Chapitre 9 - Célébration (partie 2/3)


Après avoir dépassé l'entrée du tunnel qui descendait vers Kruotté et après avoir échappé de peu à une danse collective de nymphes à moitié nues, vêtues seulement d'une robe transparente et de fleurs plantées un peu partout dans leurs corps, Helja et Luba arrivèrent face à la grande bibliothèque de la ville souterraine. L'endroit était totalement désert, à croire que personne n'avait envie d'étudier en ce jour particulier. Mais cela réjouissait la sorcière qui avait besoin de calme et de concentration.

Elle poussa la porte. Face à elles, un long pont en bois chevauchait un fleuve à l'eau cristalline et dont les poissons semblaient être des lettres d'un noir de jais. Il était surmonté d'une arche fantastique, composée uniquement de livres. Elles marchèrent dessous, les yeux rivés sur les titres des ouvrages qui l'entouraient : Guide Explicatif des Bateaux pour les Débutants en Moucherie, Une Magie Parfaitement Parfaite, Les Larmes : Une Utilité Incroyable pour les Potions, L'Auteur : Être Véritable ou Simple Mythe ?, Les Monstres sous nos Aisselles, L'histoire Désolante de Caroline la Crétine... il y en avait vraiment pour tous les goûts.

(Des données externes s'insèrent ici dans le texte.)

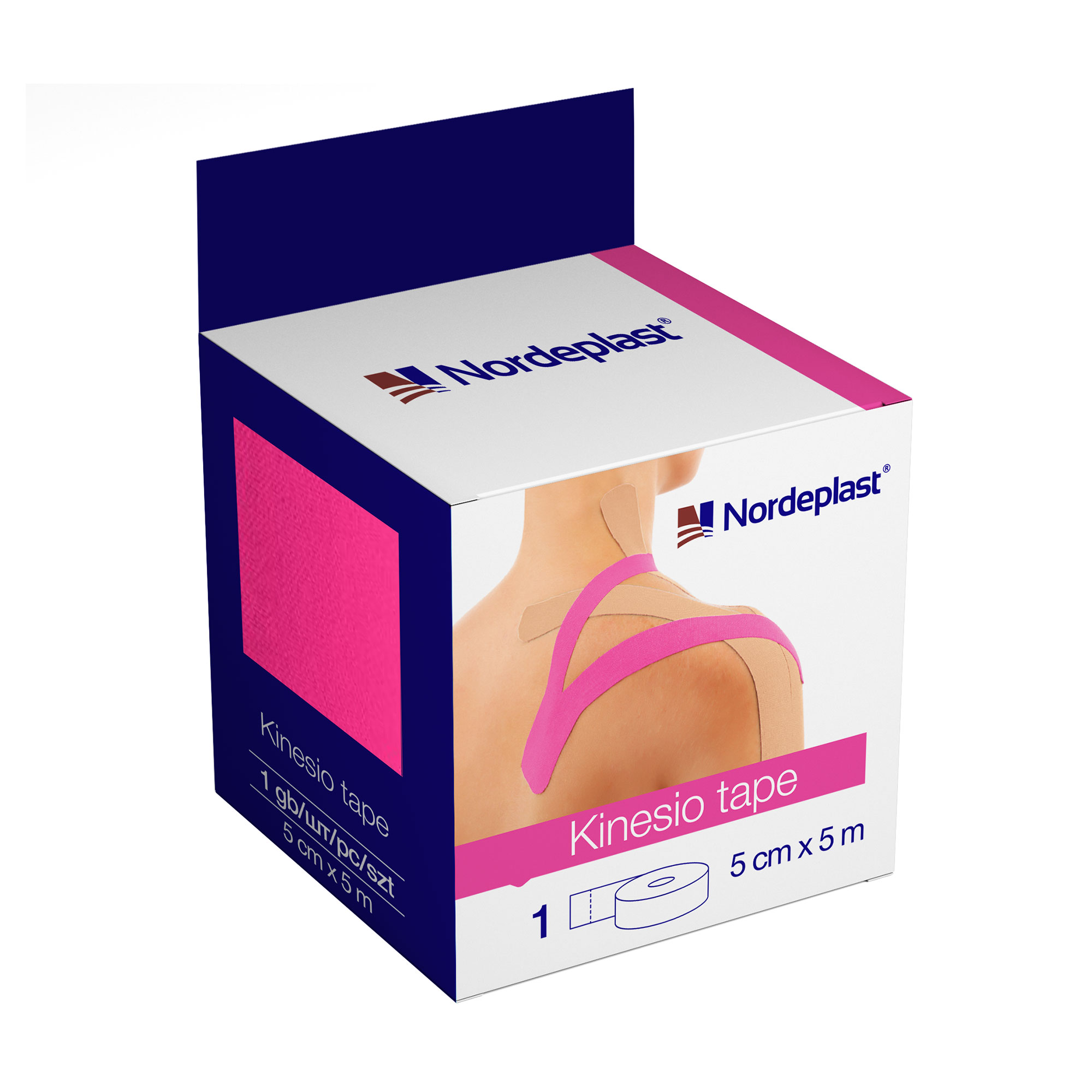 Кінезіо тейп медичний пластир Nordeplast Kinesio Tape рожевий, 5 см*5 м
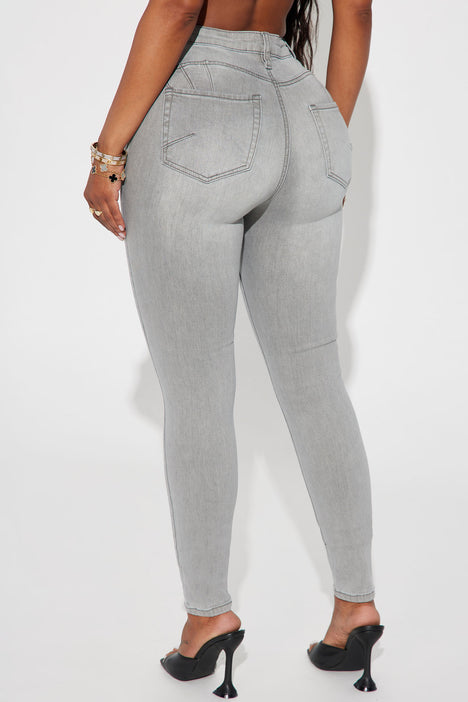 Beacon Booty Lifting Ripped High Rise Stretch Skinny Jeans - Grey, Fashion  Nova, Jeans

Après quelques minutes, elles déboulèrent dans un endroit immensément grand, bien plus ce que le petit bâtiment le laissait imaginer de l'extérieur. Sous un dôme en verre, pas moins de dix étages remplis de rangements où une quantité folle de livres attendait d'être lus. Il y avait plusieurs échelles sur roues, parfois quelques unes dans des formes étranges, exécutant des zigzags et ne menant à rien. Plusieurs grimoires volaient pour changer de place tels des oiseaux trouvant un nouveau nid, mais toujours avec une surprenante douceur et une certaine poésie.

— Des personnes ici ? Le jour du passage de cycle ? s'étonna une femme apparue soudainement de derrière une statue à l'effigie de Rowin, la célèbre romancière de la ville.

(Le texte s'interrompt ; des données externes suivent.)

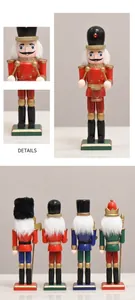 Detail of 18cm wooden nutcracker soldiers featuring hand-painted glitter and drumming pose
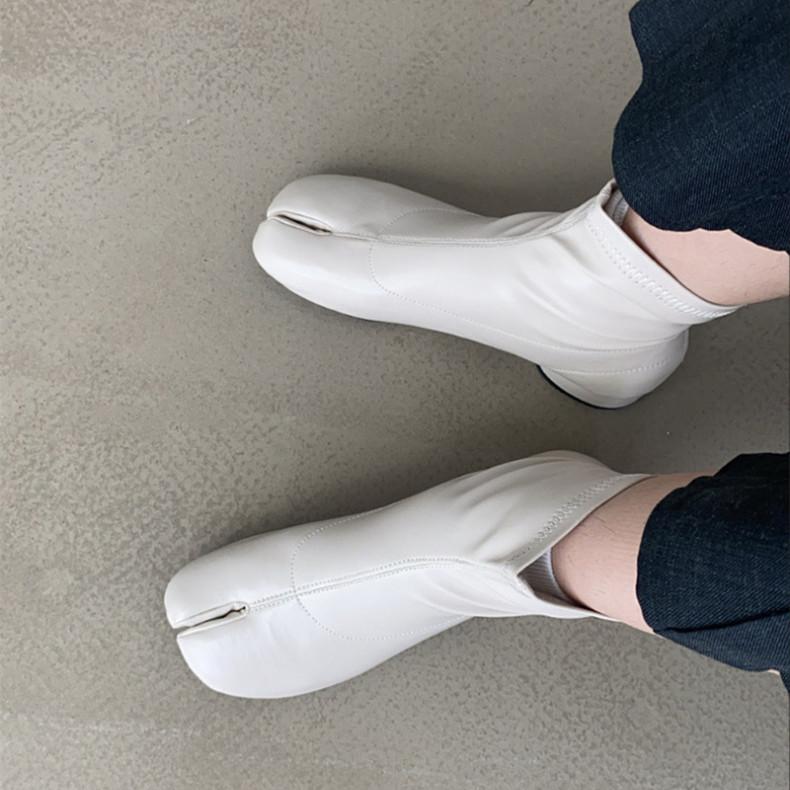 IPPEUM Women Boots Split Toe Shoes Black Leather Pu Round Heel 3 CM 2024 New Plus Size 43 Autumn Winter Ankle Boots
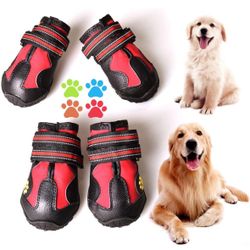 4Pcs CovertSafe& Waterproof Dog Shoes Boots Anti-slip Pet Snow Rain Size 3.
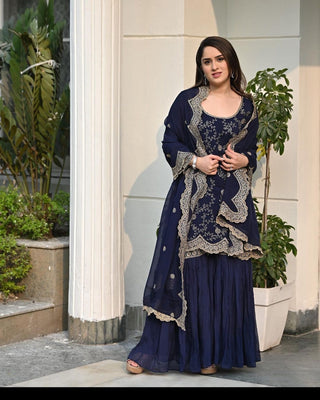 Designer Navy Blue Color Embroidery Sequence Cutwork Sharara Suit Clothsvilla
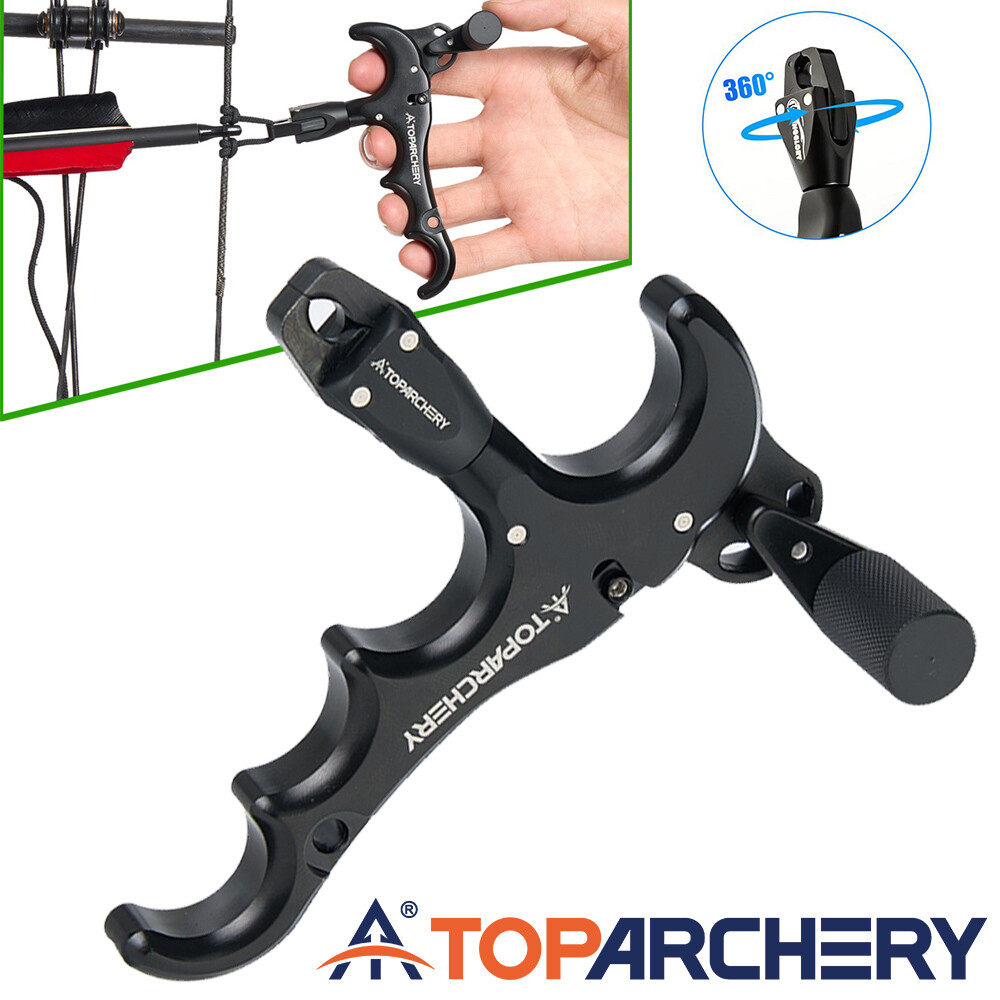 Archery Compound Bow 4-Finger Release Aids Adjustable Rotate 360° Thumb Release
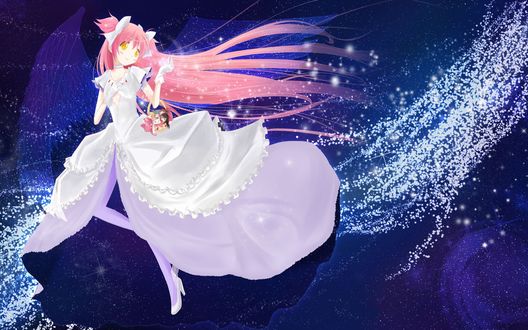 Обои на рабочий стол Девушка в белом платье с розовыми волосами, Puella Magi Madoka Magica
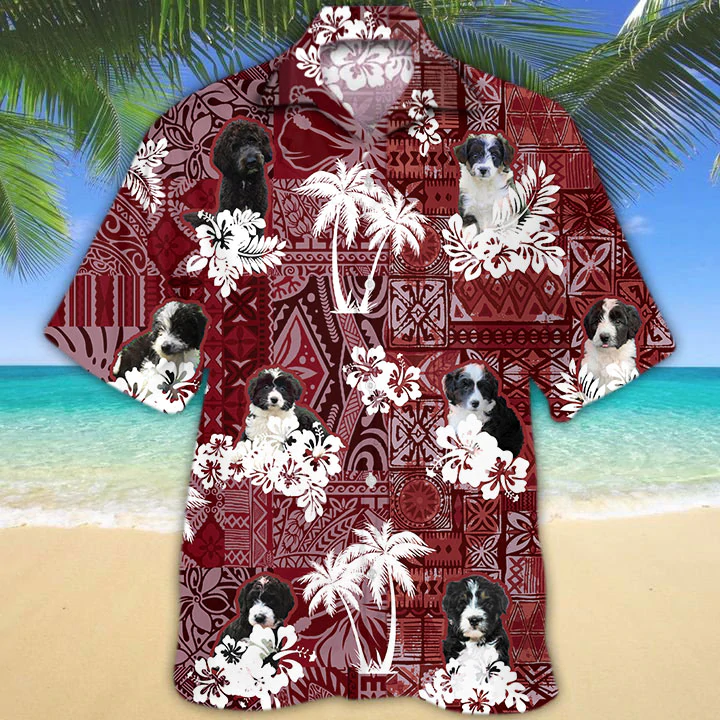 Border Doodle Red Hawaiian Shirt, Gift for Dog Lover Shirts, Animal Summer Shirts, Hawaiian Shirt Men HO1277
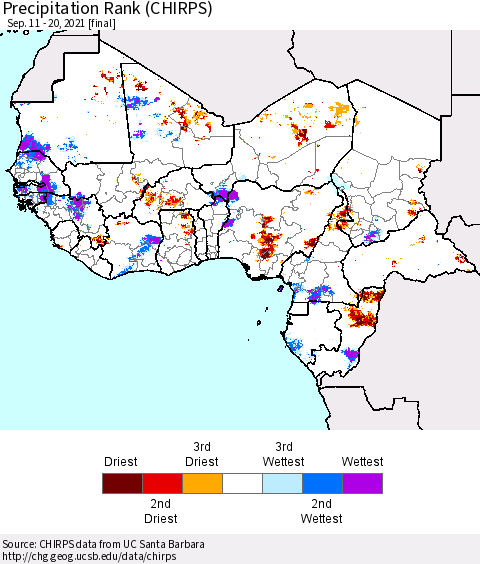 Western Africa Precipitation Rank since 1981 (CHIRPS) Thematic Map For 9/11/2021 - 9/20/2021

— Oui, nous avons quelques recherches à faire, expliqua Helja.

— Bien, faite donc, les invita la dame d'un geste de la main. De toute façon je ne pense pas me joindre à la fête ce cycle, j'ai beaucoup d'archivages qui m'attendent, encore.

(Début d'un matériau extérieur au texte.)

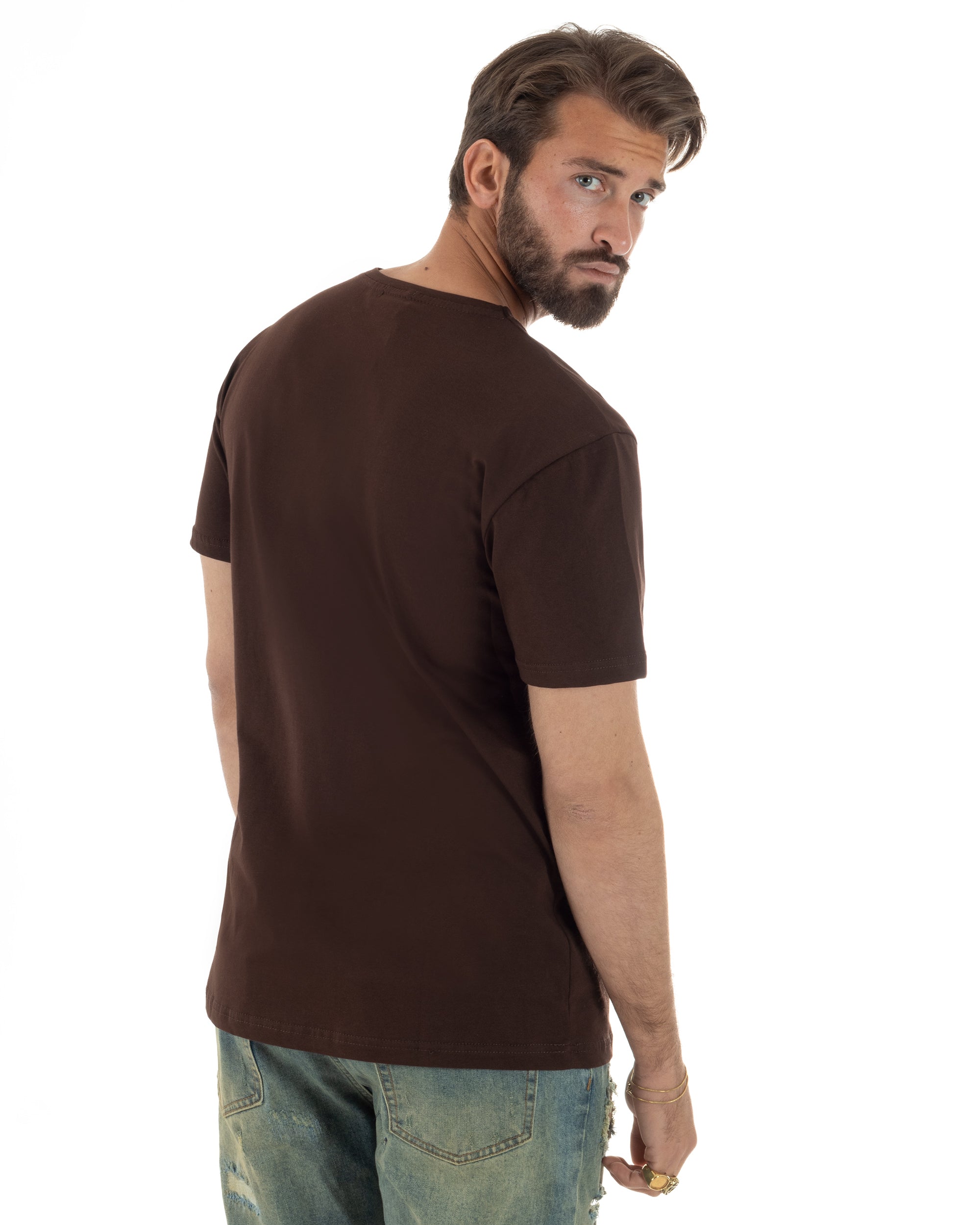 T-shirt uomo cotone logata regular fit basic marrone BERNA M-261062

Puis elle s'en alla, ses cheveux bouclés traînant sur le sol poussiéreux.

— Peut-être que vous pourriez nous aider, l'interpella Luba. Nous avons besoin de quelque chose de précis.

La bibliothécaire se retourna, l'air ravie de pouvoir épauler ses deux clientes. Ses gros yeux jaunes pétillaient derrière ses épaisses lunettes et un large sourire s'était dessiné sur sa face ridée et terne.

— Oui, bien sûr, que cherchez-vous ?

Un hurlement brisa le calme ambiant. La femme se retourna puis répondit :

— LA FERME AU SIXIÈME ! Désolé, il arrive parfois que dés créatures s'échappent des ouvrages et je ne sais pas pourquoi mais en se moment, c'est la folie dans la section animaux et créatures à dos rond. Bien, vous disiez ?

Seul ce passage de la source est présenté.